California Attorney General Rob Bonta issued a consumer alert Friday urgently warning the public that 23andMe is in financial distress and instructing customers on how to delete their data.

That’s good enough for me. I used 23andMe when it launched and love the promise of gaining medical insights from my own genetic data. That’s a powerful vision I still support. But given the lack of federal privacy protections on this most sensitive and personal of all data, I’d rather delete it than let some creep buy it in a fire sale.

Unboxing the DM42n

I didn’t need a new calculator. I have an HP 50g on my desk I hardly use. I work on a full-sized computer capable of unimaginably fast and intricate math. And yet, from the moment I saw a SwissMicros DM42, I had to have one. Then they recently released the updated DM42n version, which clinched it. I ordered.

It arrived today.

When I opened the small, heavy parcel, an owl greeted me. I don’t know why. It’s a fine-looking owl, though.

Color photo of an owl, captioned SwissMicros RPN calculators

Beneath the owl, there’s a meticulous little cardboard box. Ah, we’re so close now!

The front of a black cardboard box with an embossed SwissMicros label

Nope! Inside that box is another wrapper, with directions on how to open it.

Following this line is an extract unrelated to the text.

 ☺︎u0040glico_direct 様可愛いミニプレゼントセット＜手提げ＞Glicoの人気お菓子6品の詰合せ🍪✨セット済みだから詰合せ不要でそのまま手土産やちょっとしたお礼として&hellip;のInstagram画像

Inside the black box, a tan cardboard wrapper with 2 curved tabs locked into each other

An Easter egg: behind the inner wrapper, there’s a nice picture of the Matterhorn.

A black and white image of the Matterhorn in the back of a cardboard box

The inner wrapper is also persnickety in all the right ways. I followed the diagram to carefully pull apart the sine wave-shaped flaps without tearing them.

The tan wrapper with curved tabs, but removed from the outer box

Now we’re down to the textured leather-like case.

A black case that looks like pebbled leather

And inside that is the beautiful little tool I’ve been drooling over for many months. That stainless steel obelisk is surprisingly heavy for its size. This isn’t a plasticky TI.

The front of black steel RPN calculator that looks nearly like an HP-42S but with a larger screen and the SwissMicros logo

For completeness, the back. It feels “soft” in a way I wouldn’t expect a steel case to, it’s assembled with beefy screws, and it has large rubber feet.

The back of a black steel calculator with rubber feet, small product detail labels, and a SwissMicros logo across the bottom

It’s a beautiful device, luxuriously wrapped like a piece of jewelry, but with the heart and mind of one of HP’s best-ever RPN calculators, except improved. This is a happy day.

I am “hurt my back playing video games” years old.

Some friends and I got a pack of Orbic mobile hotspots so we can install the EFF’s Rayhunter software on them to detect “StingRay” IMSI-catchers. This is what one looks like.

Picture of an Orbic hotspot with Rayhunter's green "all OK" bar at the top of its LCD screen. Screenshot of Rayhunter's web UI.